* Problem details
Would you reproduce the data below exactly, please, leaving out its images?

* Collected data
_ _ _ _ _

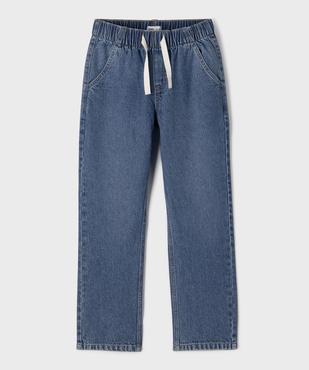 Jean droit à ceinture élastiquée ajustable garçon vue1 - GEMO 4G GARCON - GEMO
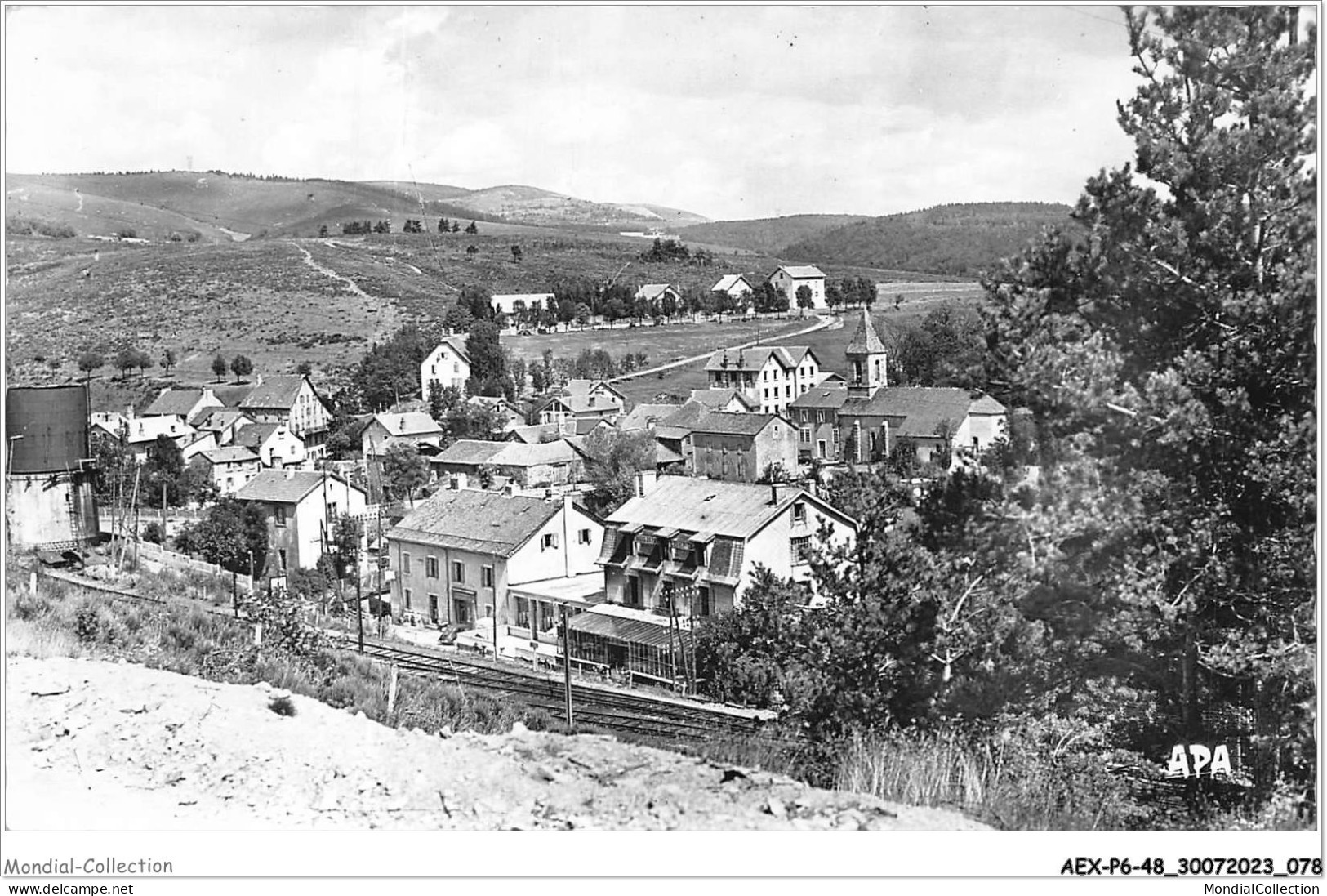 AEXP6-48-0560 - LA BASTIDE - ST-LAURENT - Vue Générale - Pêche - Vacance - Excursions  - Mende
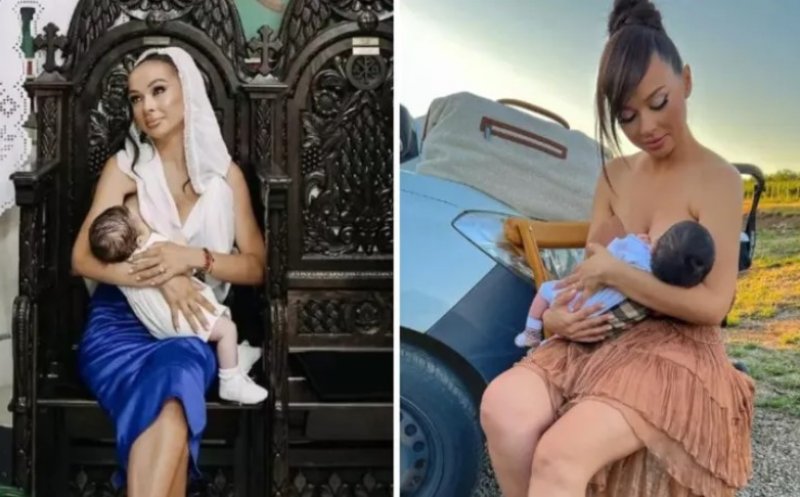 Clujeanca Vlăduța Lupău vorbește despre alăptatul în public. Vedeta a făcut-o chiar și în biserică: „Este absurd să nu vrei să-i dai de mâncare copilului tău”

_ _ _ _ _

* Solved exercise
 Jean droit à ceinture élastiquée ajustable garçon vue1 - GEMO 4G GARCON - GEMO
 AEXP6-48-0560 - LA BASTIDE - ST-LAURENT - Vue Générale - Pêche - Vacance - Excursions  - Mende
 Clujeanca Vlăduța Lupău vorbește despre alăptatul în public. Vedeta a făcut-o chiar și în biserică: „Este absurd să nu vrei să-i dai de mâncare copilului tău”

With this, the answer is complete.